Ryan Miller took his time Friday.
He lingered in the locker room after his first skate with his Buffalo Sabres teammates. He lounged against a wall for a long chat with reporters after giving a lengthy interview. Then, more than 90 minutes after leaving the ice, he reached the lobby of Northtown Center at Amherst and really soaked in the surroundings.
At least three dozen fans were waiting for the goaltender. He signed autographs for all of them, putting his name on the cards of kids and the shirts of women in wheelchairs.
It was the kind of effort that will be necessary if the NHL and its players hope to erase the pain of the lockout.
“Just try and get back to being good ambassadors to the game,” Miller said. “We take the time to be a part of the community, and I think just going out and playing hard hockey is what people appreciate. If we can go out and do that across the league, I think we’ll be all right.”
The NHL will officially return today when the players’ vote on the collective bargaining agreement is tallied and a memorandum of understanding is signed. It will end a four-month saga that has left even the loquacious Miller almost speechless.
“I still don’t even know the right message because it was just a stupid, useless, waste of time,” he said. “My biggest thing is I hope the guys come back and play hard, and I hope the fans come back and still have that feeling of inspiration because guys go out and play hard and they hit hard, and they score great goals and make saves, do what they have to do for the team and do what makes hockey great.
“I think hockey will be OK. Yeah, I was a little bit worried there for a second, but cooler heads finally prevailed and we get to play.”
Miller arrived in Buffalo on Thursday night after an extended offseason spent mostly in Southern California. He was greeted Friday by 300 fans lining the practice rink, an increase of 300 over the players’ daily sessions the past four months. The change to a full rink from an empty one is a sign fans are ready to put the lockout behind them.
“It’s nice to see them,” Miller said. “Buffalo is just such a great sports city and big hockey city. I can’t imagine being a fan and not having that outlet.
“For me being a fan, it was hard not to have it on TV. I try and check out games and watch how players are doing. I tried to tune in to some of the world junior stuff. If there was a random game on the satellite or something, I tried to watch it.
“It’s been missing from my life for the past eight, 8½ months. That’s a long time. I tried to stay on the ice. I’ve been skating pretty consistently since June, but that’s not the same as playing with your teammates and going out and competing in different cities against other clubs. I’m excited to get back to that, for sure.”
Before Miller gets back to games – the first of which is expected to be against Philadelphia at 12:30 p.m. Jan. 20 in First Niagara Center – he reflected on his role in negotiations. He was one of 20 players who sat down with owners in early December as the sides made substantial progress only to watch it rapidly disintegrate.
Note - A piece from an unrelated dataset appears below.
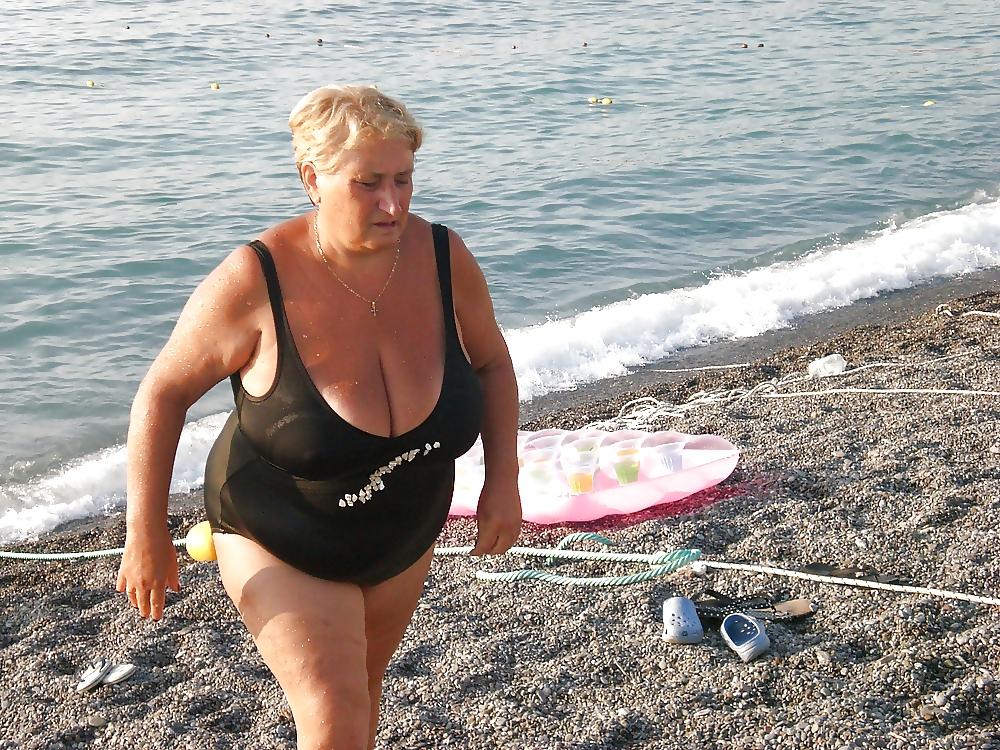 25P Matures in Swimsuits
“It was eye-opening in that you saw how things could quickly move forward, and you could see how it could all be dashed apart in a minute in a board room,” Miller said. “It was interesting. The biggest reality for me was when they wanted to start negotiating. You remember you’re responsible for 750 guys and it’s a $3.3 billion industry, so every single thing you try and float across the table, it’s hundreds of millions of dollars. You’re just like, ‘Ahh, I hope the boys don’t get too mad about this one.’ ”
“If anything, it’s a good life experience, but it’s a waste of time for hockey fans and hockey players and hockey owners.”
Looking back, Miller can’t see any way the sides could have reached a deal before now. He’s convinced Commissioner Gary Bettman wanted to wait until the last possible moment before signing. He said the union should have gotten organized a few years earlier in anticipation of a fight, but it was a mess until Donald Fehr took over as executive director in December 2010 and took time to get settled.
But it’s all over now, and he hopes the sport and its fans are ready to look forward.
“I’m glad we got a deal that’s about eight to 10 years, and maybe we can try and find some footing to have some kind of a better relationship with the league,” Miller said. “Whatever it was, it wasn’t working.
“It’s exciting to be back. That’s the way it’s supposed to feel. You go through that hesitant little false start we had in September and you get your hopes up a little bit. Obviously, we’ve had a lot of ups and downs since then. It’s nice to know we’re going to have something going pretty quick in a week here.”